Bem, poderíamos começar o presente texto anunciando
um novo método para não sentirmo-nos tão infelizes. Mas como, muito
provavelmente, um método desses nunca existirá, sinto-me aliviado por não
carregar a responsabilidade de escrever tal texto nem culpado por não
escrevê-lo. Falemos de sentimentos. Por mais batido e clichê que esse assunto
possa parecer, ele ainda rende muitas histórias, assim como rendeu e renderá
até o fim da nossa existência, primatas sentimentais.
Talvez alguém que se atreva a ler o início deste
texto pense: “Mas que besteira! Lá vai mais um falar de coisas que todo mundo
sente, coisas que todo mundo já sabe o que é, coisas que não têm importância!

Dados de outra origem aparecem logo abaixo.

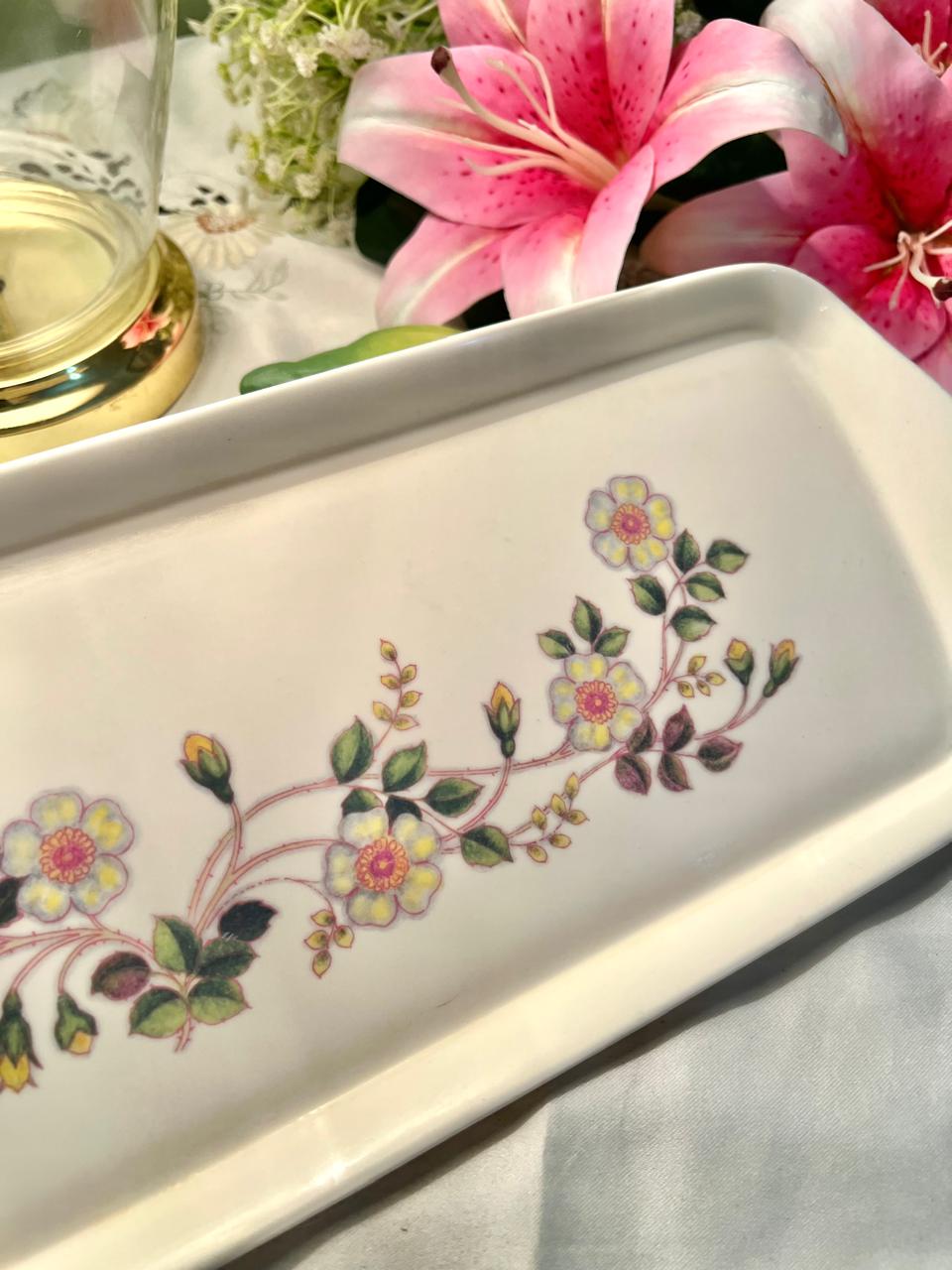 Marks Spencer Floral Rectangular Serving Dish – Approx. 37 cm
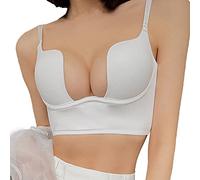 Solid Low Back Bras for Women Underwire U Shape Backless Multi Convertible Straps Underwire Bra & Bustier Women, White, S
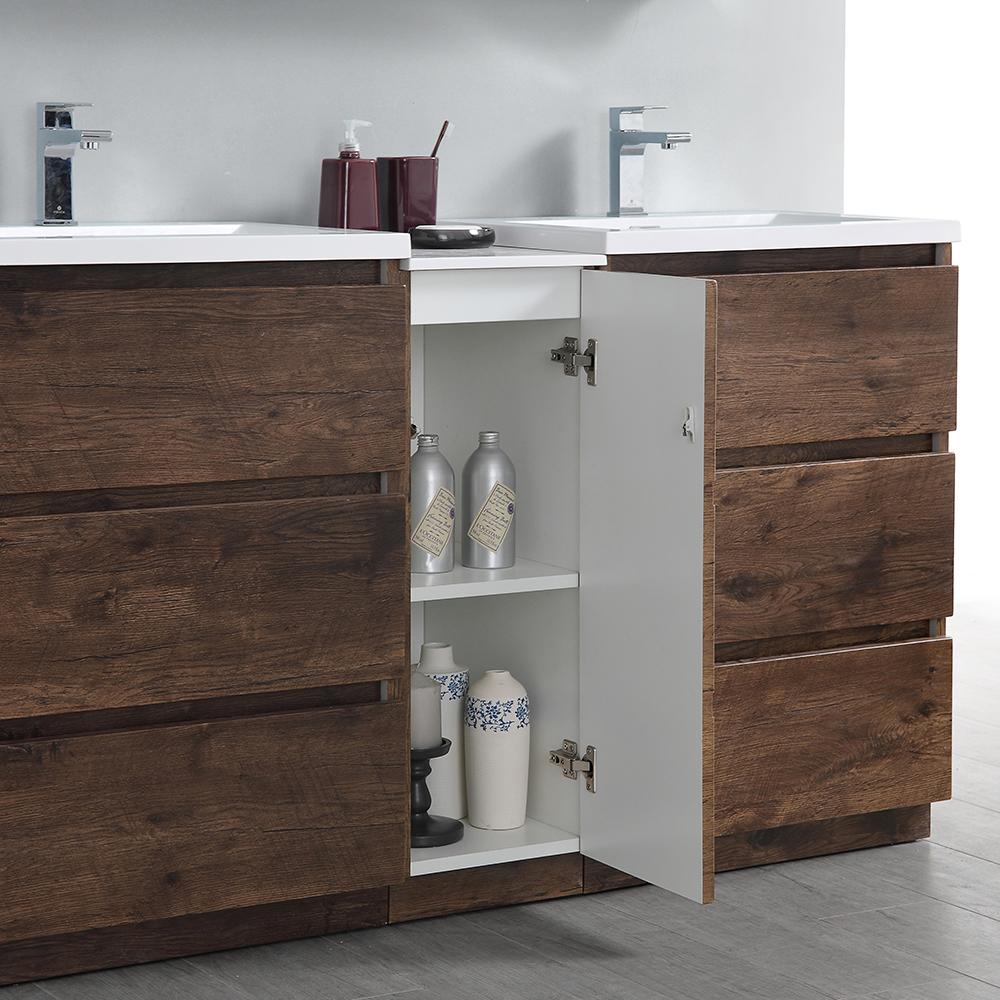 Fresca Lazzaro 60" Free Standing Double Sink Modern Bathroom Vanity w/ Medicine Cabinet Vanity Fresca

Mais um querendo ser o dono da verdade, mostrando como as pessoas agem, como se
ele não agisse de tal forma, porque se acha superior e inafetável por aquilo
que o próprio descreve!”.
Bom seria se esse tipo de gente existisse: alguém
totalmente inafetável pelas ações normais, alguém totalmente imparcial. Mas
como esse “alguém” não existe, sinto-me obrigado, hoje, a falar da fonte mais
segura de certos sentimentos que conheço [ou julgo conhecer, pelo menos]: Eu.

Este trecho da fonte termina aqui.